Desta instituição procedem as declarações oficiais e é também nela onde se modificam
os fatos históricos que, seja qual for a razão, não convêm que se narrem como
realmente aconteceram.
Recentemente
e ante a avalanche de Fake News nas redes sociais, vários dirigentes
políticos investem na criação de um grupo que, a partir do próprio lugar de
administração se encarregaria de determinar quais notícias são verdadeiras e
quais são falsas. Se à primeira vista a ideia parece louvável, dizer que o
Estado se encarregue de determinar o que é ou não verdade, parece uma piada de
mau-gosto. O Ministério da Verdade e sua capacidade para mudar os fatos acontecidos,
relembra também o direito o direito ao esquecimento do Google ou mesmo de
empresas que se dedicam a pressionar os meios e associações para que eliminem
dados referentes aos seus clientes.
8. A novilíngua
Entre os
métodos utilizados Estado autoritário de 1984 para submeter seus
cidadãos se encontra a linguagem. Periodicamente se publicam dicionários que
reduzem o número de palavras por considerar que a variedade léxica complica a
comunicação ao invés de enriquecê-la. A importância da novilíngua é no universo
forjado por George Orwell tamanha que, no final do livro o escritor incluiu um
apêndice dedicado a explicar as características desta nova forma de comunicação
que, segundo as autoridades, deveria estar totalmente implantada até 2050. Para
isso, também estavam traduzindo para a novilíngua livros clássicos de autores
como Charles Dickens, William Shakespeare, John Milton ou Jonathan Swift porque,
uma vez que “a história era um palimpsesto, raspado e reescrito tantas vezes
quantas fosse necessário”
A popularização
dos emoticons e emojis na comunicação cotidiana fez com que muitos dos gurus da
Internet defendam que esses símbolos poderiam ser a linguagem do futuro porque
são fáceis de utilizar e compreensíveis por qualquer pessoa, independente do idioma
que fale.
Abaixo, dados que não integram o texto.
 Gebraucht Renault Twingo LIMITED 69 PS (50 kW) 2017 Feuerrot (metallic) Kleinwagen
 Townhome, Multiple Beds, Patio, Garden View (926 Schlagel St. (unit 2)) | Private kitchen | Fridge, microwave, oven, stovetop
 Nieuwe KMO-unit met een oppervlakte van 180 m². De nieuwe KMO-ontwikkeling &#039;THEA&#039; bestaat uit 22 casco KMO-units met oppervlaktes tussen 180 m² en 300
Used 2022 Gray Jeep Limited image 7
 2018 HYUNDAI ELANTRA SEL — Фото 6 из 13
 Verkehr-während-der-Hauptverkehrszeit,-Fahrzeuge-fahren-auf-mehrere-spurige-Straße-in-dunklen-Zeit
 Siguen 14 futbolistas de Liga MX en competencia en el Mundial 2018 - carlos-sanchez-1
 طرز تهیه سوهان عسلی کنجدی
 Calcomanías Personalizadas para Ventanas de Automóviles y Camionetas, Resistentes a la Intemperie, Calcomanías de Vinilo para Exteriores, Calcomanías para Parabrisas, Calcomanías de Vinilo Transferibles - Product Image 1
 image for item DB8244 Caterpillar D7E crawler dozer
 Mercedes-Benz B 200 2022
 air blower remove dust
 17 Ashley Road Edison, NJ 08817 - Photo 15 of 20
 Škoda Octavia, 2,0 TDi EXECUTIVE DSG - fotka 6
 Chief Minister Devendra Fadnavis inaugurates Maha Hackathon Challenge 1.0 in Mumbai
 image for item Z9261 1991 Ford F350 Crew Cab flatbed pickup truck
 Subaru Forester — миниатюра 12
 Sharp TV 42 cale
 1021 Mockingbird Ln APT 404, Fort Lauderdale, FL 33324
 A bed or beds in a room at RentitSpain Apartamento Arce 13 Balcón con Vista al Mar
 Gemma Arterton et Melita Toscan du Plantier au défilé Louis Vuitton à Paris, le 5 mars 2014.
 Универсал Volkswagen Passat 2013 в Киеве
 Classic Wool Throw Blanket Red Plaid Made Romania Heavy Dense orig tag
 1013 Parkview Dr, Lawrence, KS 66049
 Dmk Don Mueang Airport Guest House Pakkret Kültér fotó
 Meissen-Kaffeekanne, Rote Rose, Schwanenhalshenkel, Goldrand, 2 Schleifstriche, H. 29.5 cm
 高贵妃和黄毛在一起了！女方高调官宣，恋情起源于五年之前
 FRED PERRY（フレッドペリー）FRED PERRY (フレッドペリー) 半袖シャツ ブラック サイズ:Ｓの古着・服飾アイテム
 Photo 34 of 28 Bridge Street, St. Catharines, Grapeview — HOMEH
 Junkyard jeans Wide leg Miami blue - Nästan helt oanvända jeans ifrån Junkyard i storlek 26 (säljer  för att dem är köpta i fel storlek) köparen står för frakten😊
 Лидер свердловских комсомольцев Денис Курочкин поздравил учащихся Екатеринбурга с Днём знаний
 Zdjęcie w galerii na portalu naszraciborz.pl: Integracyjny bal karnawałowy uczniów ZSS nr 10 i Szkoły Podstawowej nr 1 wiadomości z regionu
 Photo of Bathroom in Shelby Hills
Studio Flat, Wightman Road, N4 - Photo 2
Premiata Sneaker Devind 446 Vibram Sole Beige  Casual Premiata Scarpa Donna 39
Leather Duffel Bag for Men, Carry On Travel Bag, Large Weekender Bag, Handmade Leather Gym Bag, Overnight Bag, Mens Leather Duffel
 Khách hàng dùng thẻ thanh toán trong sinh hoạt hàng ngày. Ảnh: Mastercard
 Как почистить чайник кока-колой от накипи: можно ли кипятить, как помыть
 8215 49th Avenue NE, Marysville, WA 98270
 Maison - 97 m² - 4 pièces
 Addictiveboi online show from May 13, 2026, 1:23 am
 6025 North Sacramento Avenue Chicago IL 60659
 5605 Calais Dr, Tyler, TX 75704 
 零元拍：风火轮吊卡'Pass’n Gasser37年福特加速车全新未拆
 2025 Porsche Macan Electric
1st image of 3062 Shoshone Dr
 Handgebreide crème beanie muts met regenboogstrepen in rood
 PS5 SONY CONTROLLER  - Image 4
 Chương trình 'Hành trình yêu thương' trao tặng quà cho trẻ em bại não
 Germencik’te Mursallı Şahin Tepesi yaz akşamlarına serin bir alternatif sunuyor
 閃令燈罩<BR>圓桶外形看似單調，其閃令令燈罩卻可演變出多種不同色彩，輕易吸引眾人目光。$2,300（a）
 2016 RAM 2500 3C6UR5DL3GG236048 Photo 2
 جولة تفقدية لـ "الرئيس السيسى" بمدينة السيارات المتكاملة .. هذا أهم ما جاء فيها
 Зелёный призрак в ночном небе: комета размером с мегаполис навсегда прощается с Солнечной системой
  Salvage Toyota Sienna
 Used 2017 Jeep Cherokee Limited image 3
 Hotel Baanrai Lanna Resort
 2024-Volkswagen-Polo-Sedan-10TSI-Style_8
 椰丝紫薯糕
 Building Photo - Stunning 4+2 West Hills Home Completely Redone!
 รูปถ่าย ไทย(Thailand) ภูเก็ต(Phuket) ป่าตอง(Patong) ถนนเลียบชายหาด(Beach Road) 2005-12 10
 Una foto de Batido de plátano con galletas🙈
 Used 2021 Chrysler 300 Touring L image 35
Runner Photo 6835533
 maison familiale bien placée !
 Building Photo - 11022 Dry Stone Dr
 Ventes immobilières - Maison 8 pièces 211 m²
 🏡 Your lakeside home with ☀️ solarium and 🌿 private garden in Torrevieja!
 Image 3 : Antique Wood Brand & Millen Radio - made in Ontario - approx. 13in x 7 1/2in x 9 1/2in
Deixando de lado que isso não é totalmente verdade, uma vez a
existência de diferenças culturais que fazem com que um mesmo emoji se
interprete de forma diferente, há os que embarcaram na ideia de traduzir clássicos
da literatura para essa forma de linguagem ou mesmo estão selecionando
tradutores de inglês-emoji emoji-inglês para suas empresas.
9. A máquina
de escrever romances
Julia, a
protagonista de 1984 juntamente com Winston Smith, trabalha para o
Departamento de Ficção manuseando uma máquina de escrever romances. Esta
invenção parte de estruturas argumentativas muito sensíveis que se enriquecem
com situações, personagens e detalhes até criar um romance que é impresso e
colocado à disposição dos leitores. A qualidade do produto não é boa, mas serve
para os fins do Grande Irmão. O mesmo método é empregado para criar narrativas
pornográficas destinadas a entreter os da prole, como se chama a classe mais baixa
da sociedade imaginada por Orwell.
Graças à inteligência artificial já se consegue
escrever notícias utilizando algoritmos que, seguido a pauta oferecida,
interpretam os diferentes dados e redigem o texto. Não é loucura pensar que,
num futuro não muito distante, essa inteligência artificial possa criar
narrativas mais extensas e complexas. No mais, não seria de duvidar que autores
de prolífica produção já tenham uma máquina de escrever e ainda não disseram
nada a ninguém...
* A primeira parte deste
texto é uma tradução de “La novela 1984 cumple 70 años en plena era de
la posverdad”, apresentado no jornal El Mundo; a segunda, de “Nueve inquietantes cosas que ya estaban en 1984 de Orwell y ahora tienes en tu casa”, apresentado no jornal El País.